=== About this task ===
A single stretch of the material below is to be transcribed exactly, starting at the line with "gustaría ser un" and ending after the line with "Triángulo de seda".

━━━━━━━━━━━━━━━━

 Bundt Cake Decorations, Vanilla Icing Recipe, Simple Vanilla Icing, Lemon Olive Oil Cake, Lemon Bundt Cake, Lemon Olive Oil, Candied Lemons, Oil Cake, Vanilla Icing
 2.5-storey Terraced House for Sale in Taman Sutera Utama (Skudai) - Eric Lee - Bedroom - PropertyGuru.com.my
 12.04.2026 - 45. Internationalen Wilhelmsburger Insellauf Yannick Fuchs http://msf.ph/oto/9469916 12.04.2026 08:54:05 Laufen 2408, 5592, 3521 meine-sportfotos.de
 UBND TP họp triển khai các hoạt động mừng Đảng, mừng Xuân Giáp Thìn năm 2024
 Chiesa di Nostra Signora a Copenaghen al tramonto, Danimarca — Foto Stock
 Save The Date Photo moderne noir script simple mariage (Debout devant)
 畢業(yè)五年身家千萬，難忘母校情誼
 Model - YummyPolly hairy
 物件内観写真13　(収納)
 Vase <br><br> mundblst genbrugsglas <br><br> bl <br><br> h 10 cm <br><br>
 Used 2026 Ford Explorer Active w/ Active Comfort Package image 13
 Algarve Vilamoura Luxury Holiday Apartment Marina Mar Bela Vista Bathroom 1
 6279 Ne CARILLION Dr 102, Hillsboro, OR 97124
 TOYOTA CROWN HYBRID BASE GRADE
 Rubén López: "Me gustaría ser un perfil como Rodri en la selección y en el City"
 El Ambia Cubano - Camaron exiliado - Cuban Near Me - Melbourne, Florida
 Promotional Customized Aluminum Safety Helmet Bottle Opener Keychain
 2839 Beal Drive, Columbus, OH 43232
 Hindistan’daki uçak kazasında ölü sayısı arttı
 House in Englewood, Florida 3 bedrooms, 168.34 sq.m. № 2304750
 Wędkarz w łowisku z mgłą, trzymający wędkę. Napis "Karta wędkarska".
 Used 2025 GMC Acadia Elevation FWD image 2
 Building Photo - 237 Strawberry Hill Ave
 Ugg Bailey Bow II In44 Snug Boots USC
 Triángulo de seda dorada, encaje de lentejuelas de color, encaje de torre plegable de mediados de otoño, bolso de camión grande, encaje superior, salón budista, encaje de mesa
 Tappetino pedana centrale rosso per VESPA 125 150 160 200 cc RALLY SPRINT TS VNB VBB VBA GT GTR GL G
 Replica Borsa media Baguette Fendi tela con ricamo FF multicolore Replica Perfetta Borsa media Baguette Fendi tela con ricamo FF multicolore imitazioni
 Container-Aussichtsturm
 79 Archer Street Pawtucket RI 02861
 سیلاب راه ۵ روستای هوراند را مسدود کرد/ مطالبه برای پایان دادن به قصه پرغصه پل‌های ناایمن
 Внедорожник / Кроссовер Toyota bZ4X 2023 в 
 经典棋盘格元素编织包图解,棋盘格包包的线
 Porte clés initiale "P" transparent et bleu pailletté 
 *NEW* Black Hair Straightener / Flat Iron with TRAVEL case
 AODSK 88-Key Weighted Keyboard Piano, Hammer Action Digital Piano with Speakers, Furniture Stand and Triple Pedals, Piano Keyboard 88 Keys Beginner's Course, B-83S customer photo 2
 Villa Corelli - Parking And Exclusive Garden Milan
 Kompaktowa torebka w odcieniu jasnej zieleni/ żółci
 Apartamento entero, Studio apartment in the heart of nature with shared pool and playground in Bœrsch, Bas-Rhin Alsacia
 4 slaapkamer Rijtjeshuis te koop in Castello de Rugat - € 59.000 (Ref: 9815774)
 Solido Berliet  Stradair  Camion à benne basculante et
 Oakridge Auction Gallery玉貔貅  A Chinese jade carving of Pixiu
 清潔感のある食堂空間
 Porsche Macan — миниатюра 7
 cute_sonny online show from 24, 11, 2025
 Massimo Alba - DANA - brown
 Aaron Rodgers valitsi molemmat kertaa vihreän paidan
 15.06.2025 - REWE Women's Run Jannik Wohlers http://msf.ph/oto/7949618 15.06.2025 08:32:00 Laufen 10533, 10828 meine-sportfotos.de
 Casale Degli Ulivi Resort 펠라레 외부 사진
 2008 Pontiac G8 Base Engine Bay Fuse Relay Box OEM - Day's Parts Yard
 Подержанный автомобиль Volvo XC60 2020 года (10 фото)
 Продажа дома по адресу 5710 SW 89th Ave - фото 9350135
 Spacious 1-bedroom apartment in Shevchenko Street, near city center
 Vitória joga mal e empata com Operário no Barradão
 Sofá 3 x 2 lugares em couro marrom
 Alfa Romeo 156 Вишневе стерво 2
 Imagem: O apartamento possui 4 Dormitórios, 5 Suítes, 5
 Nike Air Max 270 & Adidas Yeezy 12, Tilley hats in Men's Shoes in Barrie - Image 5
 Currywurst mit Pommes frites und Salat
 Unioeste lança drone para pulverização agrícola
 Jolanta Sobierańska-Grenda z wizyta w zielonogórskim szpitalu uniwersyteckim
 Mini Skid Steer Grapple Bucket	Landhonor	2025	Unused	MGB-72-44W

━━━━━━━━━━━━━━━━

=== Result of this task ===
 Rubén López: "Me gustaría ser un perfil como Rodri en la selección y en el City"
 El Ambia Cubano - Camaron exiliado - Cuban Near Me - Melbourne, Florida
 Promotional Customized Aluminum Safety Helmet Bottle Opener Keychain
 2839 Beal Drive, Columbus, OH 43232
 Hindistan’daki uçak kazasında ölü sayısı arttı
 House in Englewood, Florida 3 bedrooms, 168.34 sq.m. № 2304750
 Wędkarz w łowisku z mgłą, trzymający wędkę. Napis "Karta wędkarska".
 Used 2025 GMC Acadia Elevation FWD image 2
 Building Photo - 237 Strawberry Hill Ave
 Ugg Bailey Bow II In44 Snug Boots USC
 Triángulo de seda dorada, encaje de lentejuelas de color, encaje de torre plegable de mediados de otoño, bolso de camión grande, encaje superior, salón budista, encaje de mesa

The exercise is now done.